American Anthropology Association issues Human Terrain System resolution
The American Anthropology Association has released a statement of resolution by the Executive Board on the Human Terrain System (HTS) Project. The statement, posted online, is dated October 31, 2007 (though I just received the e-mail from the AAA announcing the resolution today, and as as far as I can tell from the metadata on the website, it was only posted online November 7, 2007).
The resolution is brief and it concerns itself almost exclusively with ethics, not with the methodological trouble of working for the military in a war zone (which Greg has discussed here on Culture Matters).
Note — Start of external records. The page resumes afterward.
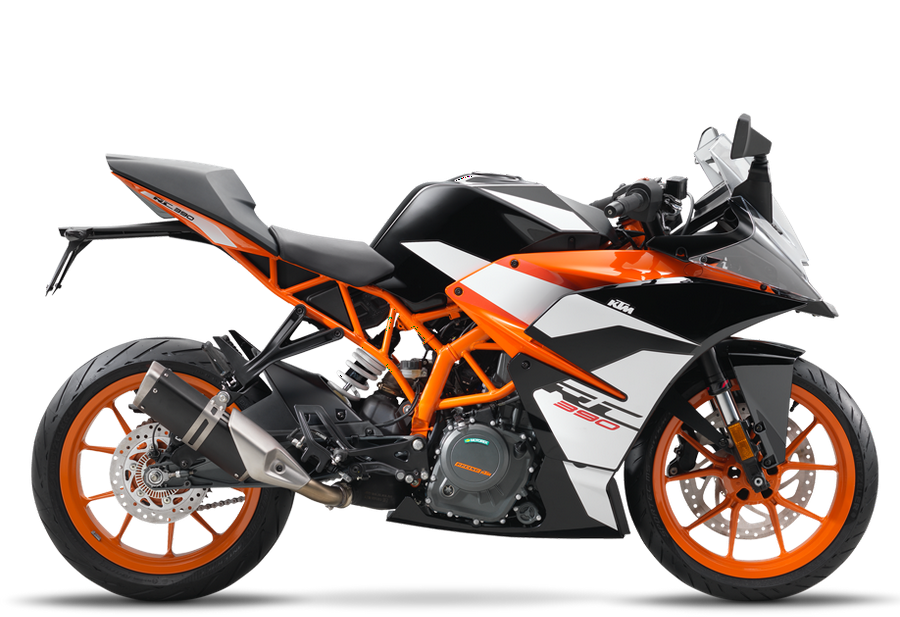 2018 KTM RC 390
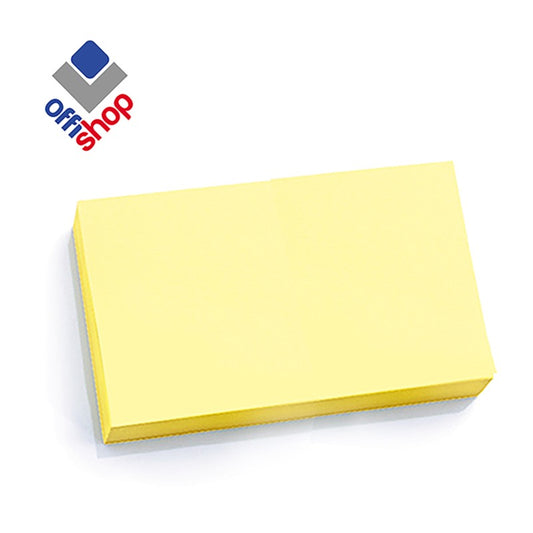 Osh Postit 125X75 100F Verdhe 1/12 Of014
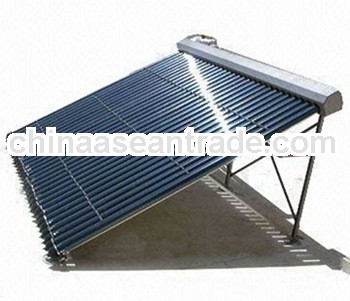 High Efficiency Evacuated Glass Tube solar thermal collector
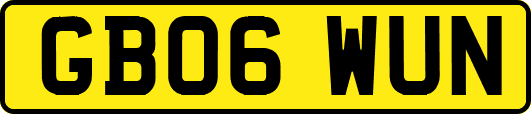 GB06WUN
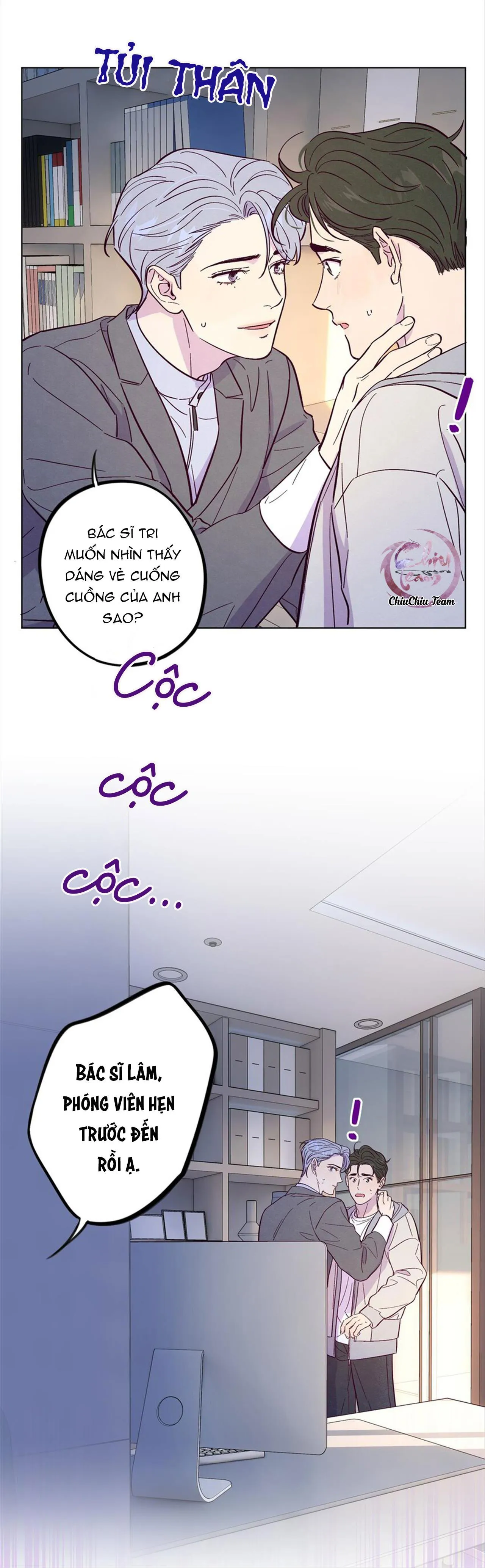 Giăng Bẫy Bác Sĩ Hồ Ly Chapter 47 Trang 8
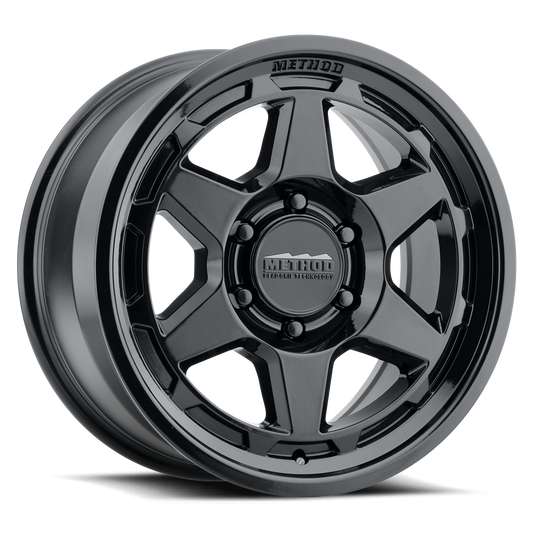 Method MR708 Bead Grip 18x9 +40mm Offset 6x5.5 95.25mm Centerbore - Gloss Black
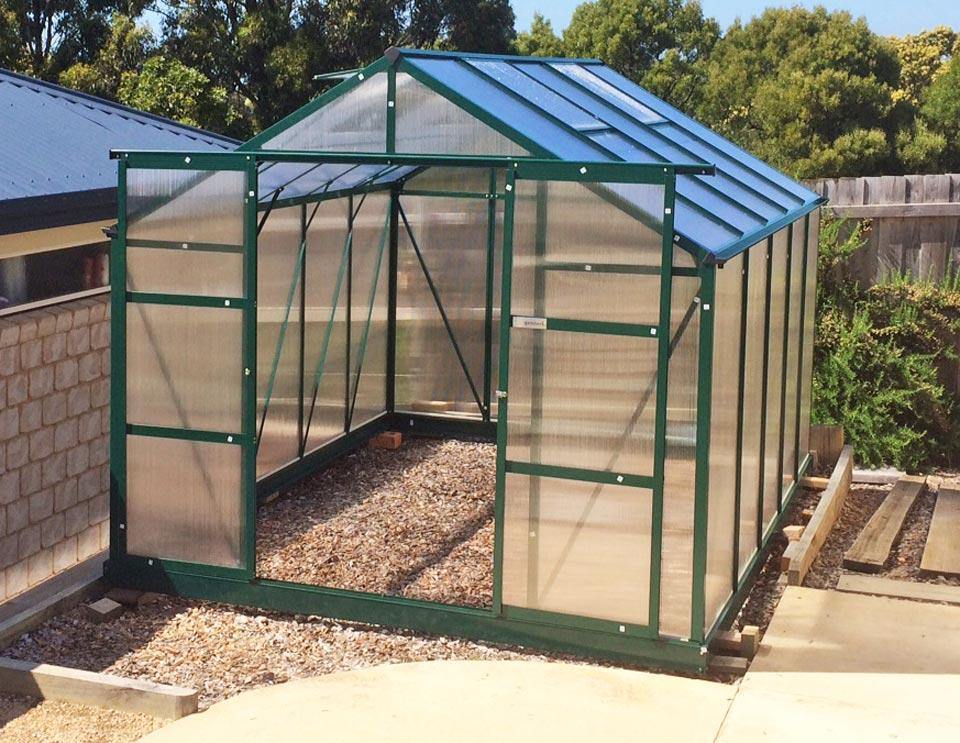 Garden Pro 3700 Model - Sproutwell Greenhouses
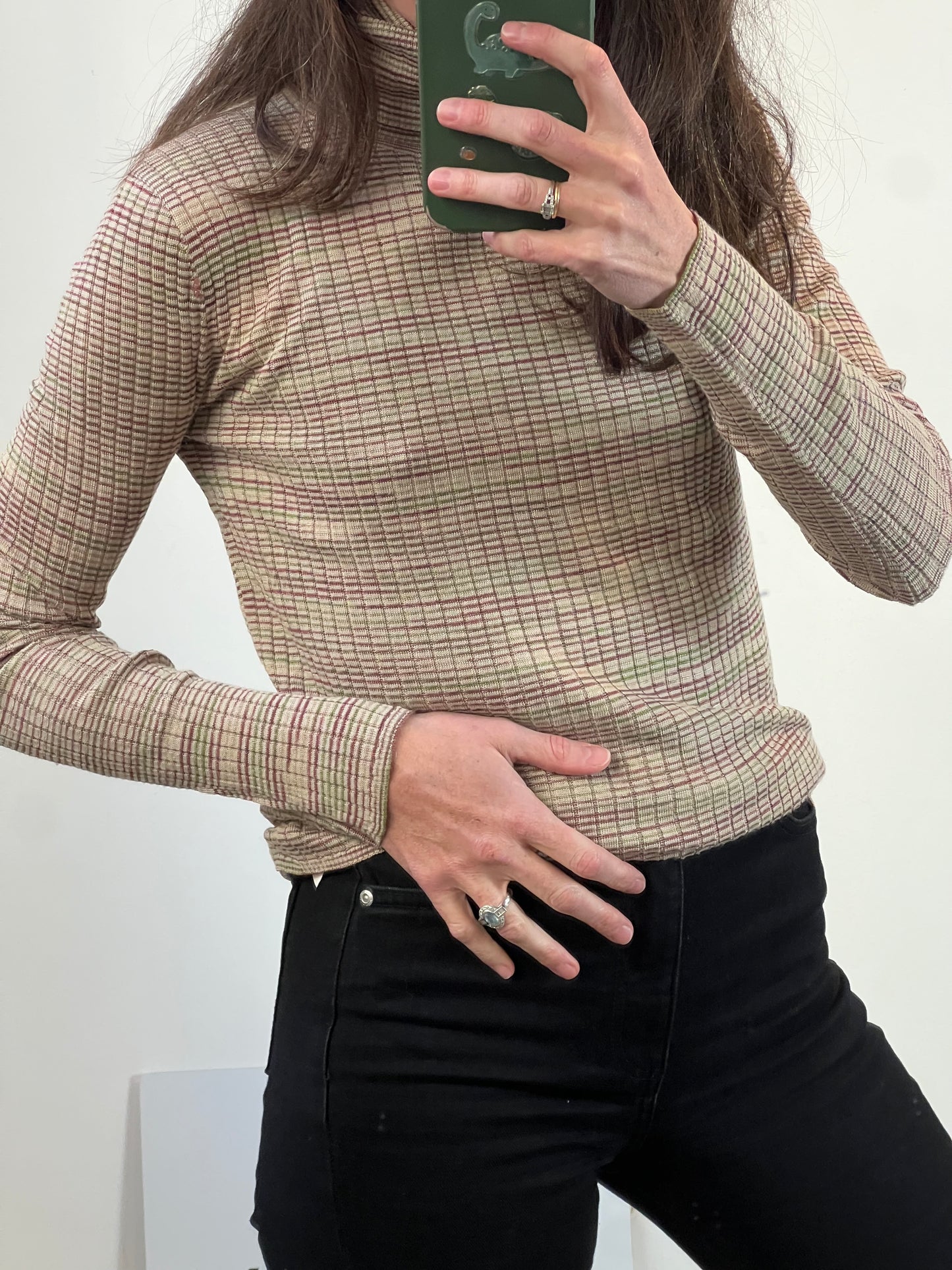 MISSONI. Jersey fino mezcla rayas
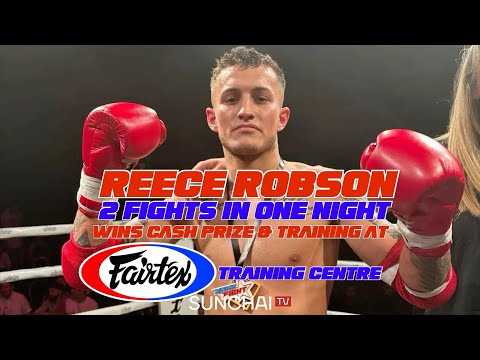 Reece Robson wins 4 Man Tournament at Victory 11
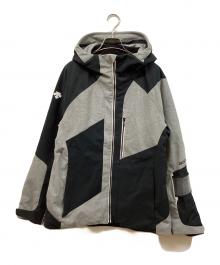 DESCENTE（デサント）の古着「DWMMJK79 DESCENTE/S.I.O. JACKET」｜グレー×ブラック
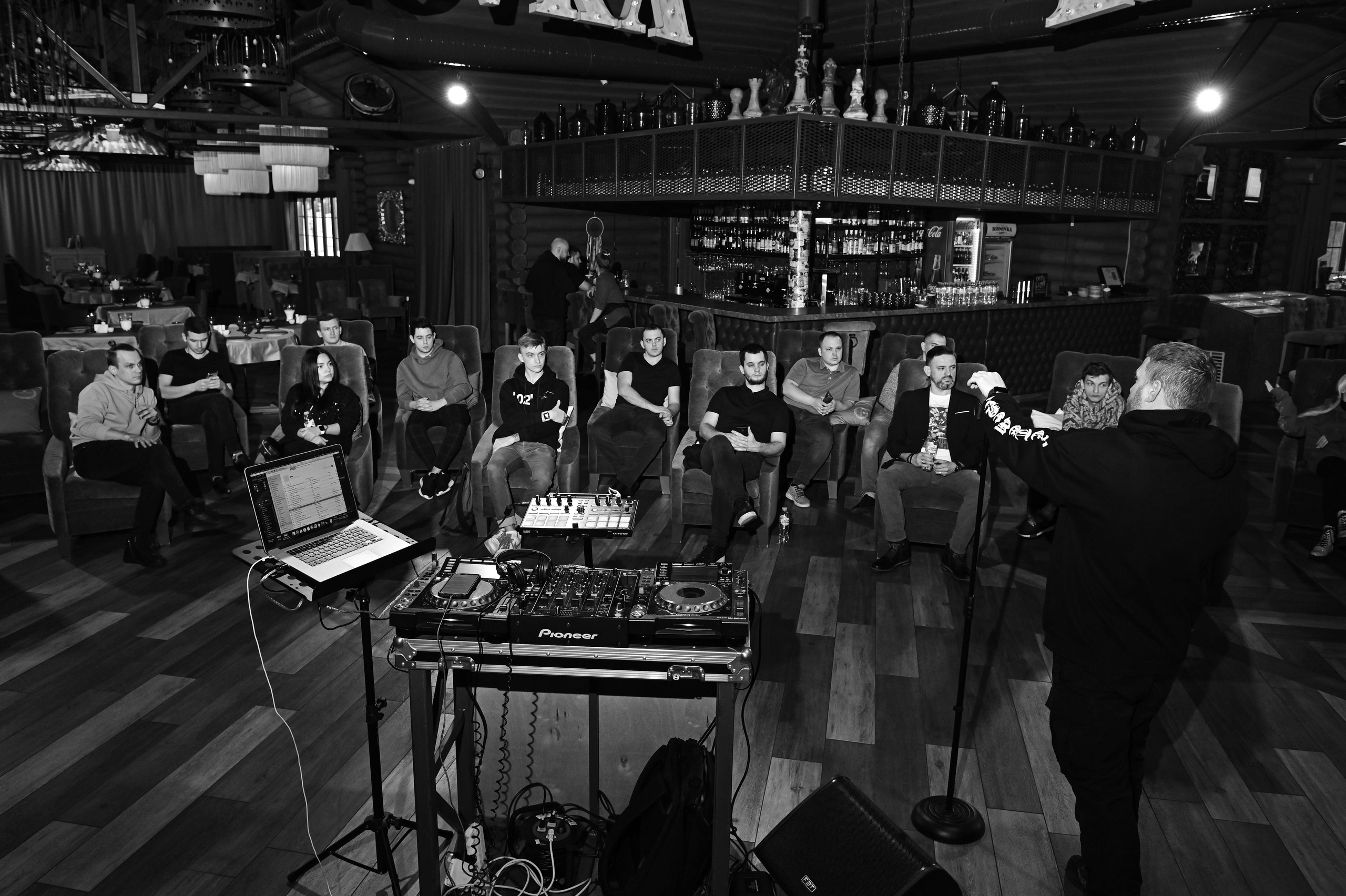 МК Event DJ К. Телешев. Свадебный фотограф в Белгороде Владимир Золотарев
The resolution identifies three key areas of ethical trouble that potentially puts anthropologists involved with the HTS at odds with the AAA code of ethics:
(1) the difficulty of distinguishing between anthropologists and the military “places a significant constraint on [anthropologists’] ability to fulfill their ethical responsibility…to disclose who they are and what they are doing”;
(2) the imperative of doing no harm to the people being studied cannot be assured when anthropologists are reporting on these people to the dominant military power; and
(3) the ethical imperative of voluntary informed consent is compromised when anthropologists are working for the military in a war zone.
It also notes that (4) involvement of anthropologists with the HTS project puts at risk other non-HTS anthropologists — and the people they study — all over the world.
It concludes,
“Thus the Executive Board expresses its disapproval of the HTS program.
“In the context of a war that is widely recognized as a denial of human rights and based on faulty intelligence and undemocratic principles, the Executive Board sees the HTS project as a problematic application of anthropological expertise, most specifically on ethical grounds.”
The full text of the resolution can be read here.
The AAA has also created a blog where members can comment on the Executive Board Statement and related issues at http://aaanewsinfo.blogspot.com/. However, as far as I can tell, one need not identify as a dues-paid member of the AAA to comment.
While the AAA statement is primarily about ethics, many of the comments posted on the blog grapple with the complicated entanglement of ethics and methodology. Some, for example, doubt whether an ‘applied anthropology’ can call itself anthropology when it is in the employ of an interested institution. For example, Hugh Jarvis from the University at Buffalo argues that, “Surely to achieve any credibility or scientific objectivity, anthropologists need to be independent observers.” Others profess deep disappointment with the resolution’s seeming rejection of any anthropological cooperation with imperial power on the grounds that, as long as harm is being done somewhere, anthropologists have a duty to try to minimize that harm, if necessary by working for the powers that be. Some criticize the AAA for not going far enough in expressing only “disapproval” and not “condemnation”; others criticize the AAA for taking a position on the war itself.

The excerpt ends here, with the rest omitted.